= Hannah Ryder =

Kenyan business consultant

Hannah Wanjie Ryder is a Kenyan citizen known for her work on trade between China and Africa. As of 2024 she is the chief executive officer of the consulting firm Development Reimagined.

== Early life ==
Ryder was born in Kenya and her family moved to the United Kingdom when she was ten years old. She studied economics first at Oaklands College and then the University of Sussex, and then earned an M.Sc. in economics. After graduation she started work at the Department for International Development and she worked on relationships between the United Kingdom and developing counties. From 2014 until 2016 she worked as the lead of the Policy and Partnerships at the United Nations Development Programme. During this time she worked on China's policies regarding funding for international aid.

After working at the United Nations, she founded Development Reimagined, an international development consultancy in 2017 specializing in Africa-China relationship. The company's headquarters are in Beijing, as of 2024 Ryder is the chief executive officer.

== Work ==
Ryder's early work was on the connections between climate and economics. She was one of the co-authors of the Stern Review, a 2006 report on the economic impacts of climate change.

Ryder is primarily known for her work on international relations between China and Africa. She has advocated for developing countries to ask for more when negotiating with China, and in 2019 Ryder was at a meeting centered on discussions of the Belt and Road Initiative, China's infrastructure plan. Ryder's writings were used to set the stage for a 2017 conference on China-Africa relations, and in 2018 she discussed the impact of debt to China on African countries.

At the onset of the COVID-19 pandemic Ryder spoke about African students potentially exposed to the virus in China, on the impact of COVID-19 on trade between China and Africa, and how blame for imported COVID cases maybe been attributed to migrants in China. Ryder participated in the 2020 Forum on China–Africa Cooperation, a collaboration aimed at improving relations between China and Africa.

Upon the 2023 nomination of Ajay Banga to the World Bank, Ryder noted he should consider the example of the African Development Bank in terms of how the World Bank could function. She also spoke on Bloomberg News about the needs of Africa in regards to climate change.

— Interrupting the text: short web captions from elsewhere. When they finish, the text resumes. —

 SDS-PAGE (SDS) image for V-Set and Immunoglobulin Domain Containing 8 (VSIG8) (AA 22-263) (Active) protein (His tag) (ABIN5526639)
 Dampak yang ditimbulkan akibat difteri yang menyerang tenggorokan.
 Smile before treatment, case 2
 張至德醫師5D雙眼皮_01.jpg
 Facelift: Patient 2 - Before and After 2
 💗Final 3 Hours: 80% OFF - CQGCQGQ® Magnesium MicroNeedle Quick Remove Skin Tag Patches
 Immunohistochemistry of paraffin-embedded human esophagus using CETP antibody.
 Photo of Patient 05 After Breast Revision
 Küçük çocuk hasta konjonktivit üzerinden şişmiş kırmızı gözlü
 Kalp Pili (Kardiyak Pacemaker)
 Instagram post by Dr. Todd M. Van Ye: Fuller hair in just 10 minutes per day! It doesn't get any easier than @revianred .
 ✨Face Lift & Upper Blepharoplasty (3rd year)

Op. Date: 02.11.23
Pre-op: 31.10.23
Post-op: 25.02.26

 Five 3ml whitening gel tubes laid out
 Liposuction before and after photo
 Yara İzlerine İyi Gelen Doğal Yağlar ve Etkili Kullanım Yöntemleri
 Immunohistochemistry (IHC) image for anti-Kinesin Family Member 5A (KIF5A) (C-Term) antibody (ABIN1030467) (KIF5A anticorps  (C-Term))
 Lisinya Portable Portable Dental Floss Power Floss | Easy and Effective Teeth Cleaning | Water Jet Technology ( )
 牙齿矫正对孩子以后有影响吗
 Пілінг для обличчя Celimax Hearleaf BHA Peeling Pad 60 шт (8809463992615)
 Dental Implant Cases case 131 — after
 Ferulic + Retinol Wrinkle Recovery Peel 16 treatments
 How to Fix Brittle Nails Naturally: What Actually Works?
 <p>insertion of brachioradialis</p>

Ryder has joined in the clamor for the institutionalization of an Africa credit ratings agency, which when operational can play a central role in reducing the costly 'African risk premium', tipping lending in favor of borrower countries.

== Honors and awards ==
In 2012 The Guardian recognized her with their Observer Ethical Award for her writing on economics, poverty, and climate change. In 2016 Ryder was nominated as a rising star by the New African Woman Forum.